Starr et Dershowitz entrent en scène

Deux des avocats de Donald Trump les plus connus ont fait leur entrée en scène lundi. En début de journée, l’ancien procureur indépendant Kenneth Starr a dénoncé le recours à la procédure de destitution à des fins partisanes, ce dont il a accusé les démocrates.

IMAGE TIRÉE D’UNE VIDÉO DE LA CHAÎNE US SENATE, LA PRESSE CANADIENNE

L’ancien procureur indépendant Kenneth Starr, un des avocats de Donald Trump

« Comme la guerre, la procédure de destitution est l’enfer », a-t-il déclaré en appelant les sénateurs à mettre fin à « l’ère de l’impeachment ».

De nombreux commentateurs ont souligné que Kenneth Starr s’exprimait comme s’il n’avait pas joué un rôle central dans la procédure de destitution visant Bill Clinton, exercice partisan par excellence, selon eux.

En soirée, c’était au tour d’Alan Dershowitz de prendre la parole.
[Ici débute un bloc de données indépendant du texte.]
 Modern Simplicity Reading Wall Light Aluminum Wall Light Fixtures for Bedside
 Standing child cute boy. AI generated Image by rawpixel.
Le professeur de droit émérite de Harvard a défendu sa thèse controversée selon laquelle un président ne peut pas être destitué pour abus de pouvoir ou entrave au travail du Congrès s’il n’a pas commis un crime ordinaire. Et les révélations de John Bolton n’y changent rien, selon lui.

« Si un président, n’importe lequel, devait avoir fait ce qu’a rapporté le Times à propos du contenu du manuscrit de Bolton, cela ne constituerait pas une infraction justifiant la destitution », a déclaré le célèbre avocat au cours d’un argumentaire touffu.

Mais l’ombre de John Bolton aura plané sur toute la journée. En se disant ouvert à l’assignation à comparaître de l’ex-conseiller de la Maison-Blanche, le sénateur républicain Pat Toomey a évoqué la possibilité d’un échange de témoins. Selon le Washington Post, il a proposé à des collègues républicains une entente prévoyant l’assignation de deux témoins, l’un choisi par les démocrates, l’autre par les républicains.

Ce n’est pas la première fois qu’un tel marché est proposé. Le chef de la minorité Chuck Schumer l’a déjà rejeté. Mais c’était avant que le New York Times ne change peut-être la donne en faisant état des allégations contenues dans le livre de John Bolton.